**Provided material**
____________
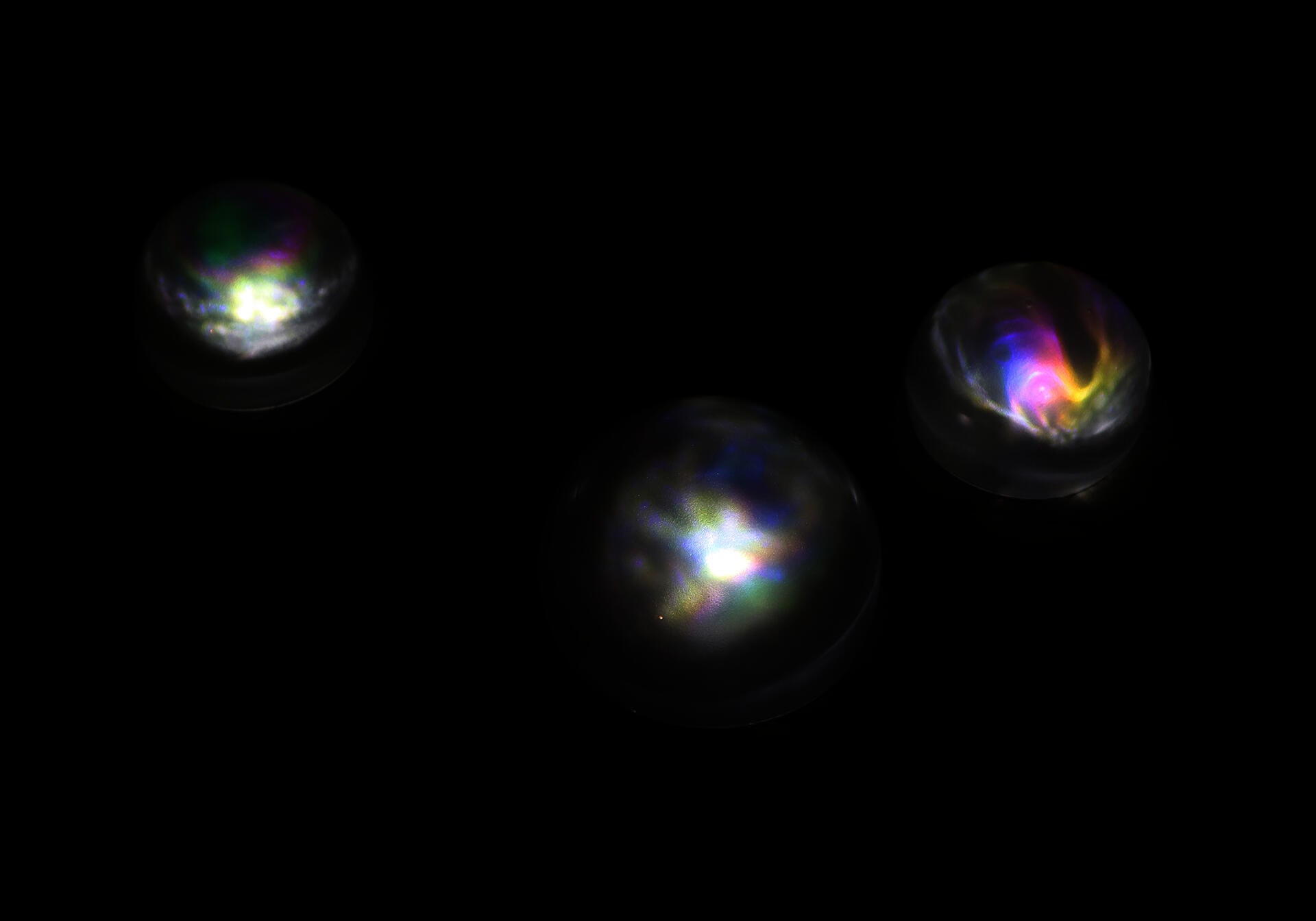 The outer glass hemispheres hold the projections of stressed glass pieces expressing its stress as various colors and textures.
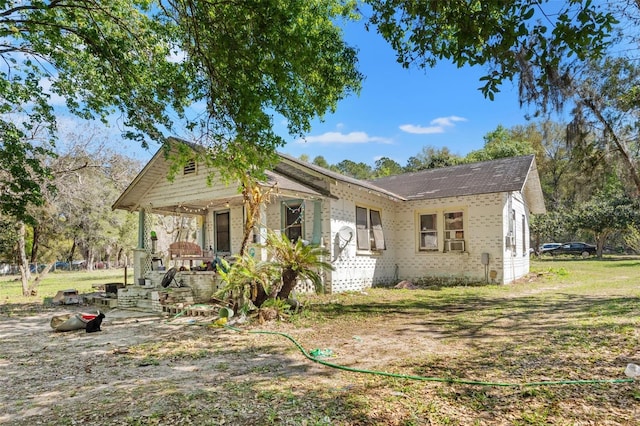 bungalow with cooling unit and a front lawn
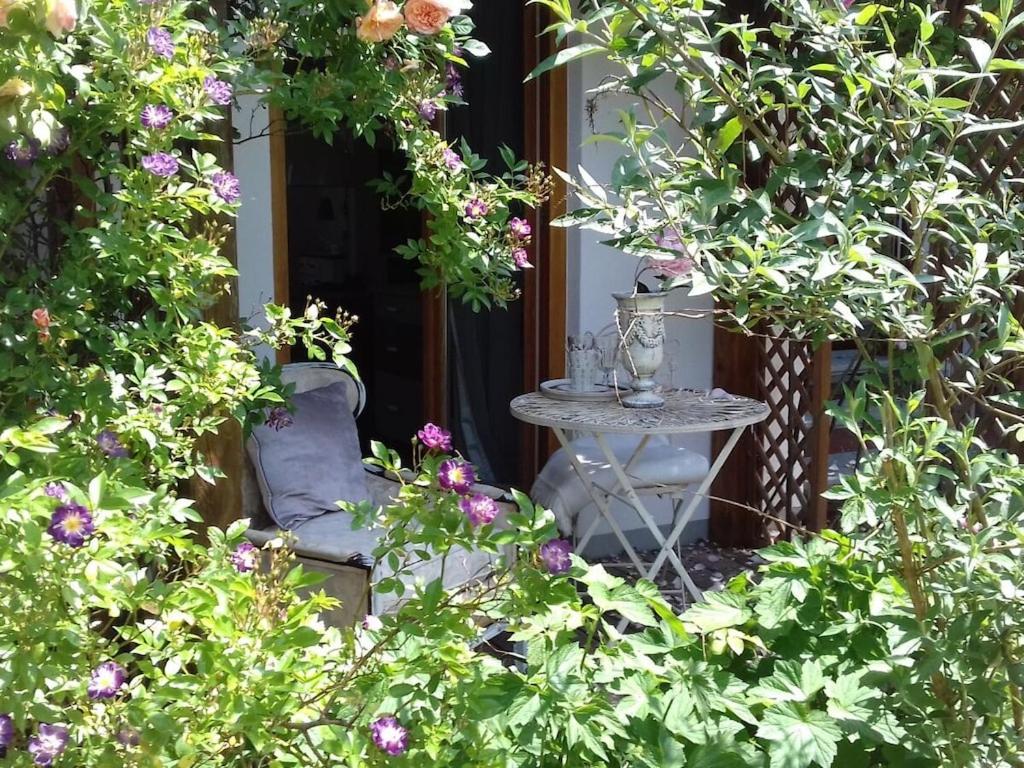 Mathilde Comfortable holiday residence في بوكِنغ: طاولة وكراسي في حديقة بها زهور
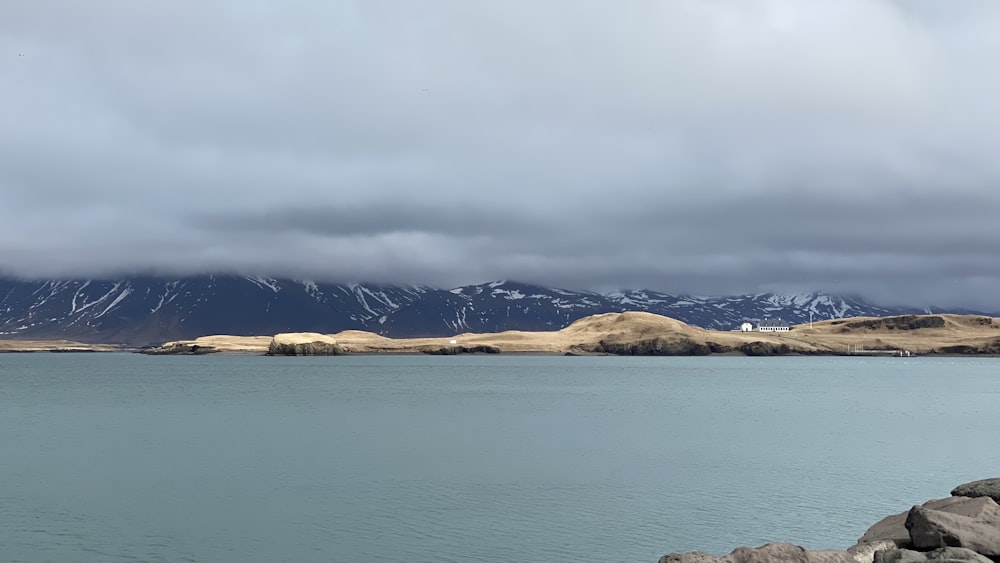 Montaña marrón cerca del cuerpo de agua bajo el cielo nublado durante el día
____________
**Exercise description**
Going from the line holding "bungalow with cooling unit and a front lawn" to the last line of the data above, reproduce every line exactly, both included, with the pictures omitted.

**Expected output**
 bungalow with cooling unit and a front lawn
 Mathilde Comfortable holiday residence في بوكِنغ: طاولة وكراسي في حديقة بها زهور
 Montaña marrón cerca del cuerpo de agua bajo el cielo nublado durante el día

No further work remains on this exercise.